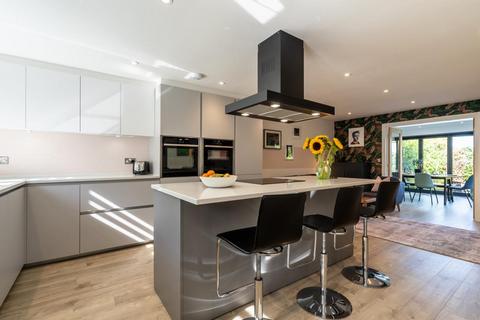 5 Park View Mews, Sheffield, S8 8AF
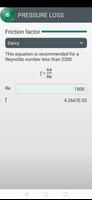 Pressure Loss capture d'écran 2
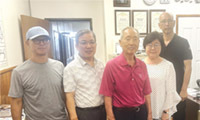 “고유 명절 한가위 추석 대잔치 함께 해요”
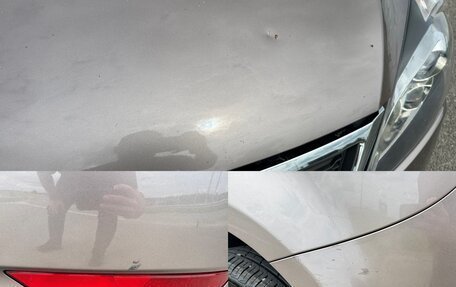 KIA cee'd I рестайлинг, 2011 год, 735 000 рублей, 23 фотография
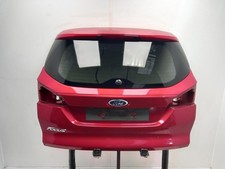 FORD FOCUS Boot Lid Tailgate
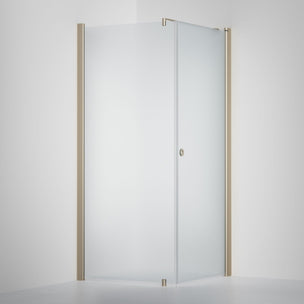 INR Dusjhjørne LINC 13 Original Måltilpasset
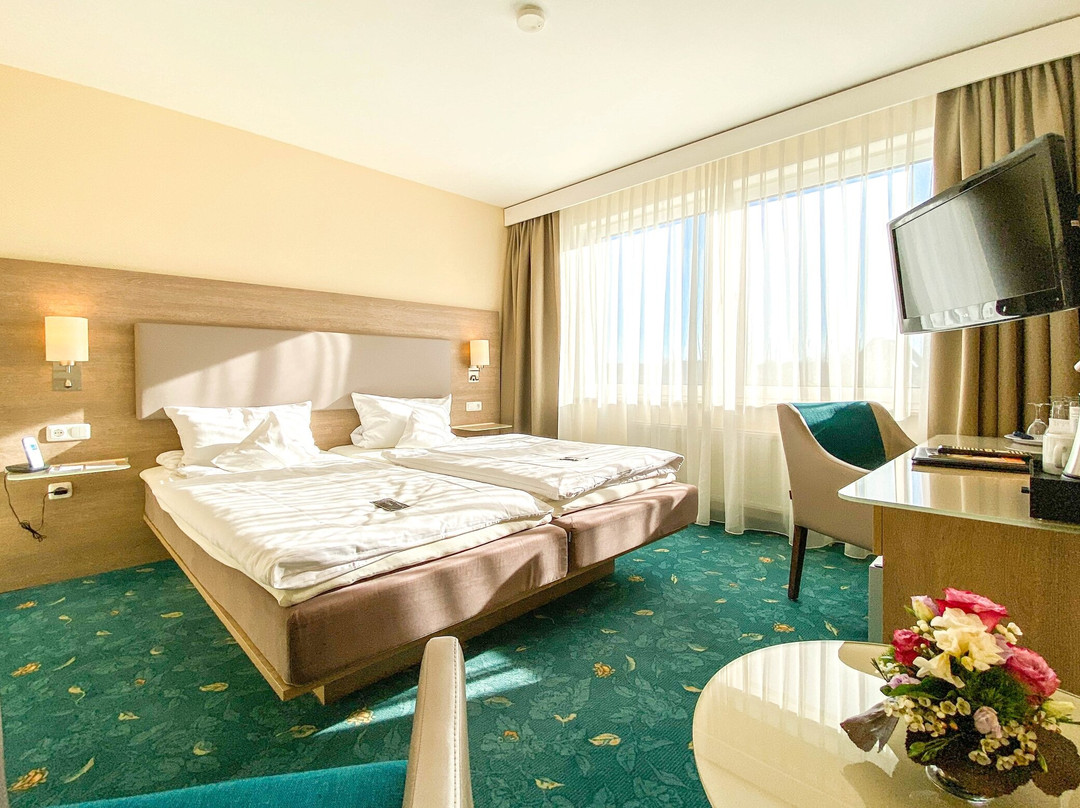 Vier Linden Kiek In Hotel主图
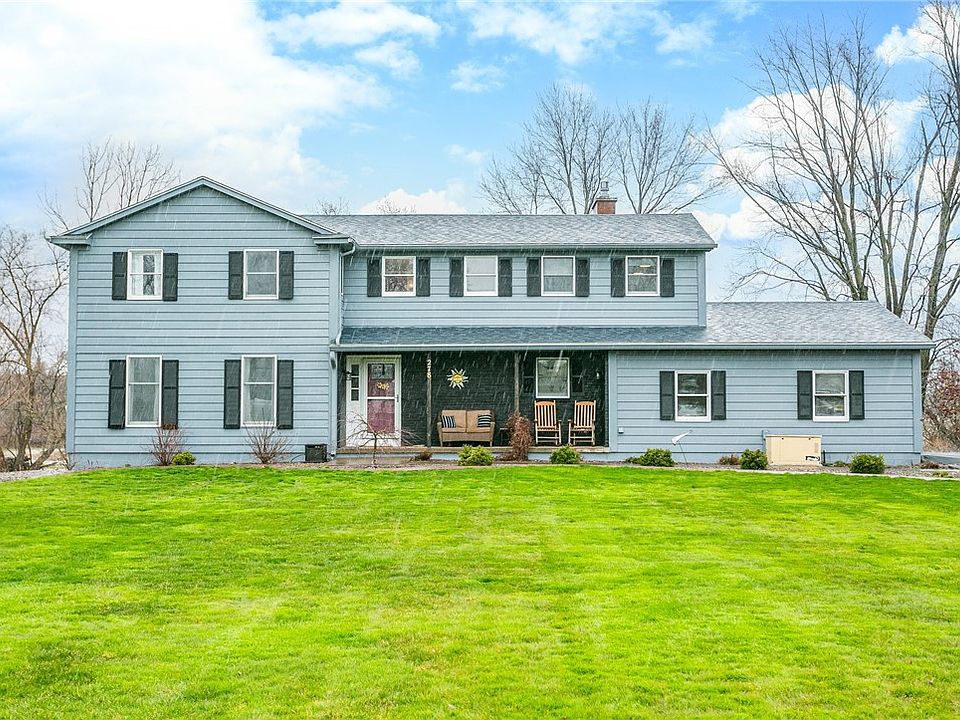 278 Dunbar Rd, Hilton, NY 14468 Zillow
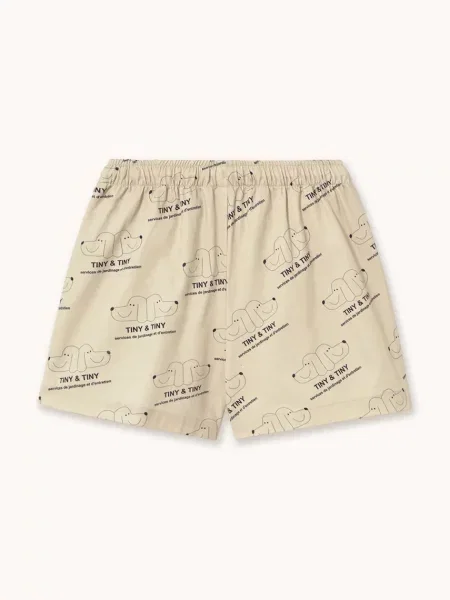 Детские шорты Tinycottons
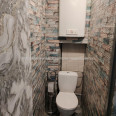 Продам квартиру, Бучмы ул. , 2  ком., 48 м², косметический ремонт 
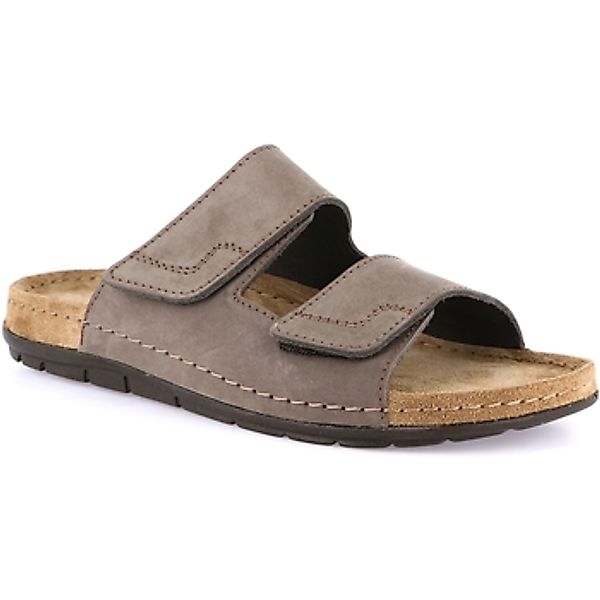 Grunland  Pantoffeln DSG-CI2629 günstig online kaufen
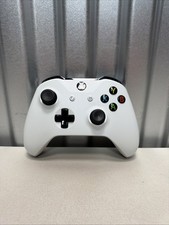 Microsoft Xbox One Wireless Controller Black/White 1708
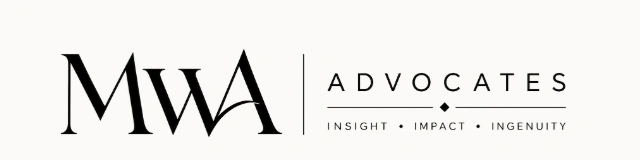 MWA / M.W. Waititu Advocates logo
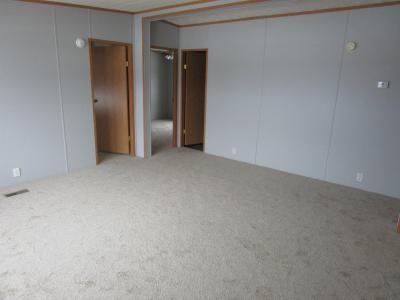 Mobile Home at 360 E. Tuttle Rd., #1 Ionia, MI 48846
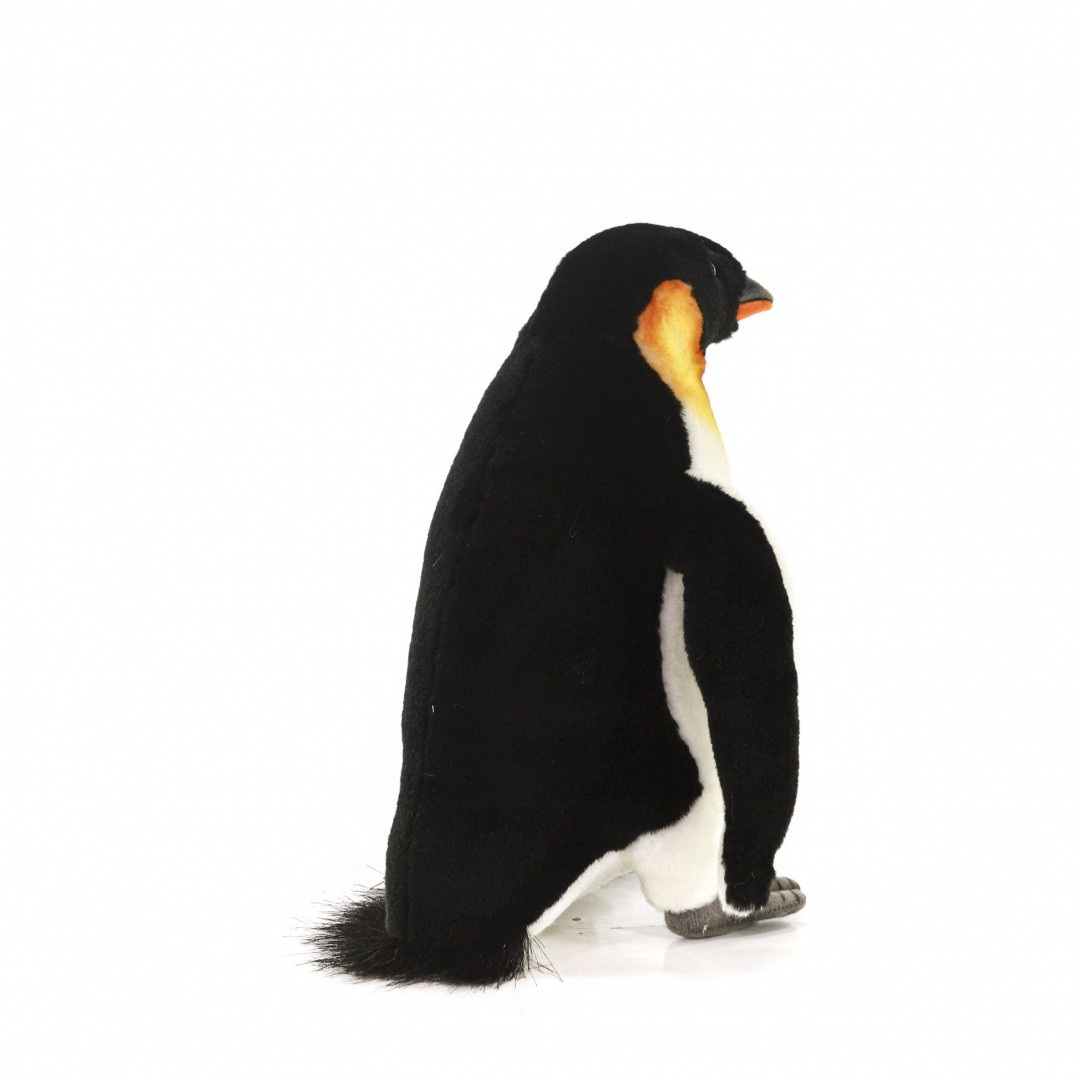 3159 императорский пингвин, 24 см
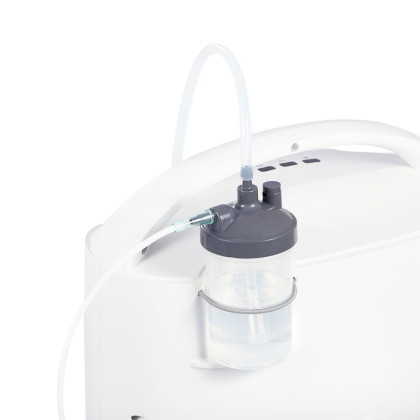 Фото товара Концентратор кислорода Армед 8F-3A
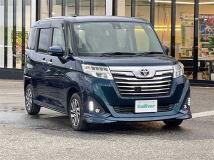2018 Toyota Roomy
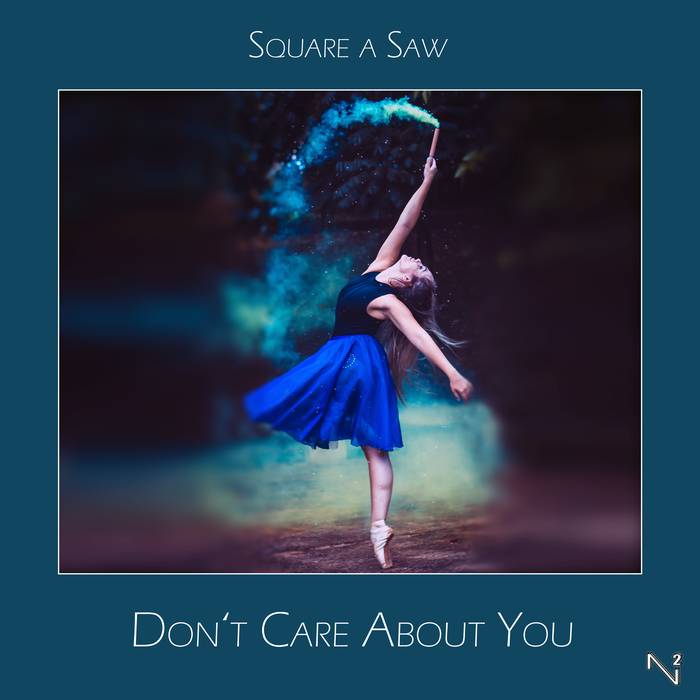 Don't Care About You cover art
========================================================================
#### Activity
Your copy should hold only the lines above from the one containing "FORD FOCUS Boot Lid Tailgate" through the one containing "günstig online kaufen", exactly as written and free of pictures.

#### Final answer
 FORD FOCUS Boot Lid Tailgate
 INR Dusjhjørne LINC 13 Original Måltilpasset
 Vier Linden Kiek In Hotel主图
 278 Dunbar Rd, Hilton, NY 14468 Zillow
 Детские шорты Tinycottons
 Продам квартиру, Бучмы ул. , 2  ком., 48 м², косметический ремонт 
 Grunland  Pantoffeln DSG-CI2629 günstig online kaufen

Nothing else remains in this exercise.